There was also this other minor event during our weekend excursion where some of us casually ran 21 or 42 kilometers. Running the Canberra Marathon was one of the best experiences I have had, which is saying a lot considering I crossed the finish line in tear-causing pain with a sprained knee and was immediately carried to a first aid tent.
I expected my cultural experience to end on Saturday night once I was done visiting the monuments, but I actually learned tremendously during this run. To begin with, it was the most beautiful course I have seen. We got to block off the paths around all the monuments and the bridge and ran alongside these gorgeous buildings and a lake. What I learned about Australia came from the people I met, because I was shocked to see how friendly and nice everyone was during the run. At mile 5, my knee gave out and I fell to the ground. I was overwhelmed by how many people stopped running the race to help carry me off to the side and make sure I was okay. These people easily lost 20 minutes of their race finishing time to make sure I was okay. After being checked by the paramedics, I kept going (limping more than running) for the next 8 miles. Every time I would see someone who had witnessed me fall they would scream encouragement at me. They would run along with me for a little while to talk me through my pain and encourage me to keep going. These conversations not only showed me friendship and compassion; I also got a chance to learn a lot about the kindness of the people around me.

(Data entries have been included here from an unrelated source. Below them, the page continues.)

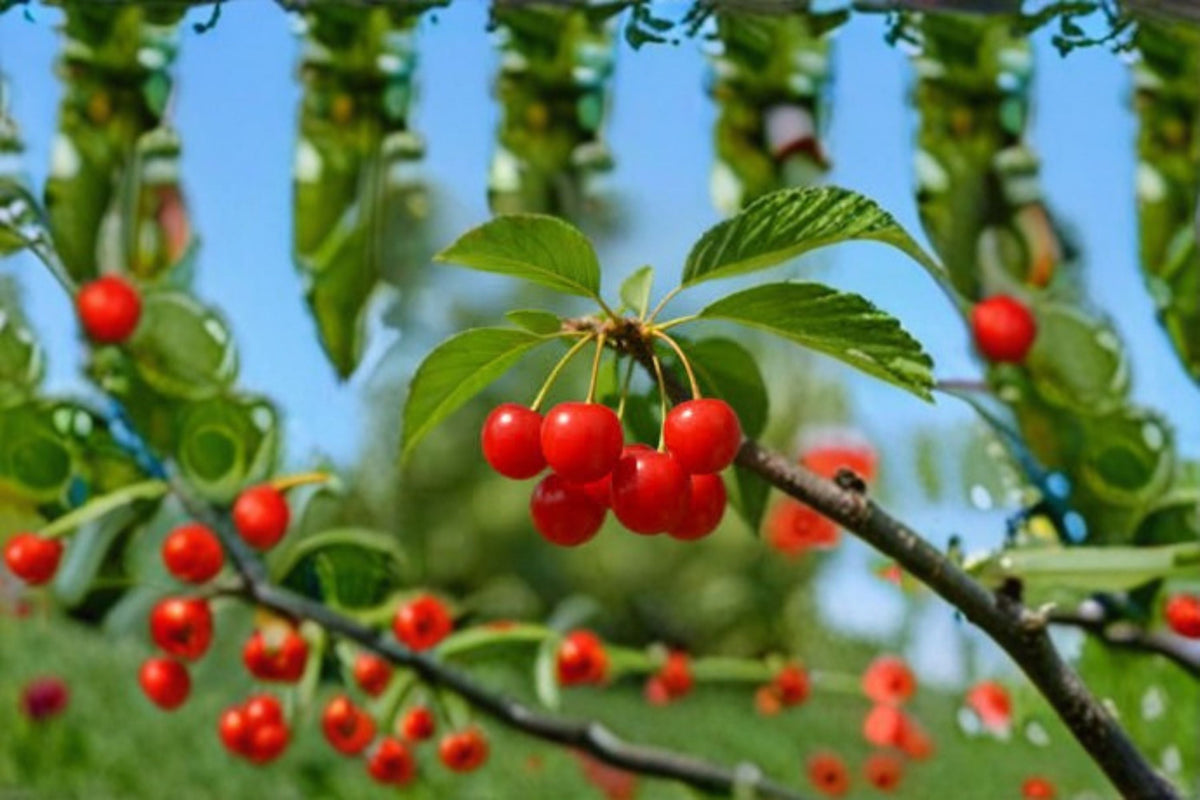Montmorency Cherry Cuttings – Prunus cerasus – Tart Red Fruit Tree for Propagation and Garden Planting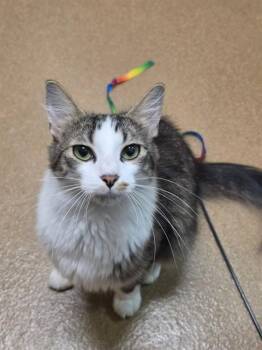 PO -  Domestic Medium Hair Cat for Adoption in St. Peters, Missouri - PO | PetCurious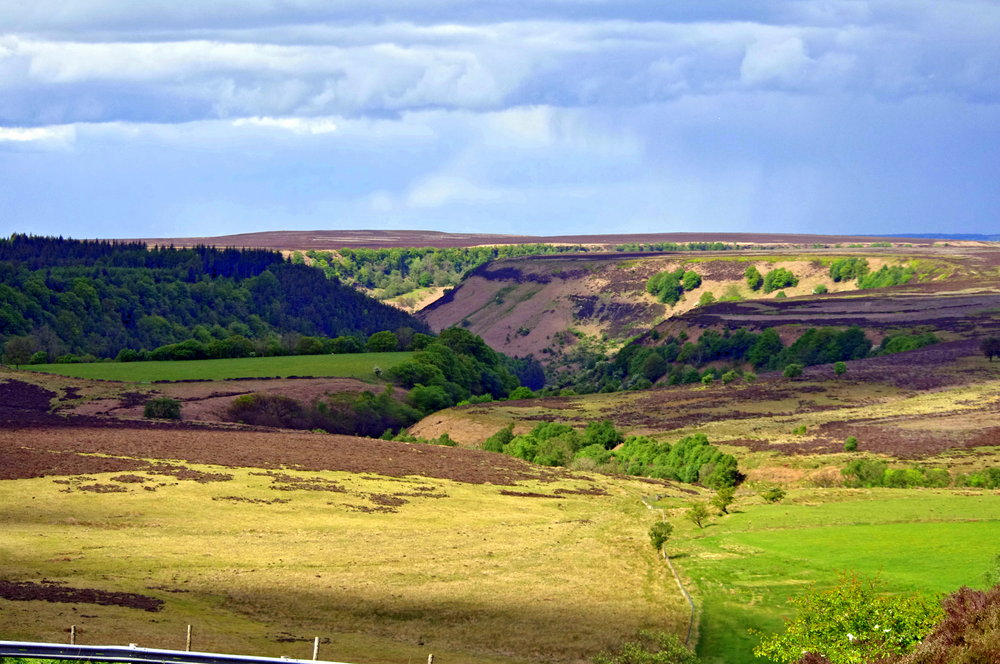 The Moors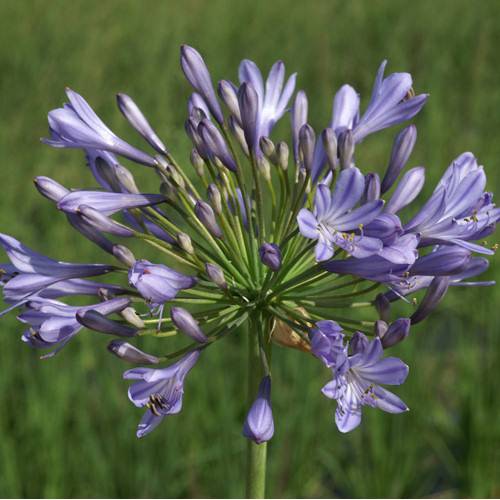 Agapanto azul : venta Agapanto azul / Agapanthus hyacintho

A few runners walked with me for a longer period of time and I got to learn details about their lives. I met one man who was quite elderly whome I saw lagging behind during the run. I slowed down to jog with him and began talking to him when he told me this was the 50th marathon he'd run. His doctor had told him that his bones were getting too weak to handle running, but he wanted to try and complete one more race. He spoke of how he grew up in Canberra and how different the city used to be. He told me how he watched politics closely over the course of his life and he knew every fact about any political decision that had ever happened.
Canberra surprised me in so many ways. I learned about history, I learned about Australian culture, and I learned a lot about myself trying to complete this run against the odds (and after three medical professionals advised me against it).
I thought my time in this city was going to be full of eating and running before heading back to dynamic Sydney, but instead I found that there was more than met the eye in a city that appeared to be boring and empty. There is always a lot to learn and see if you ask questions and seek the unknown.
To anyone reading this: I encourage you to visit your city, state, or national capitals and see what you can learn that you did not know before.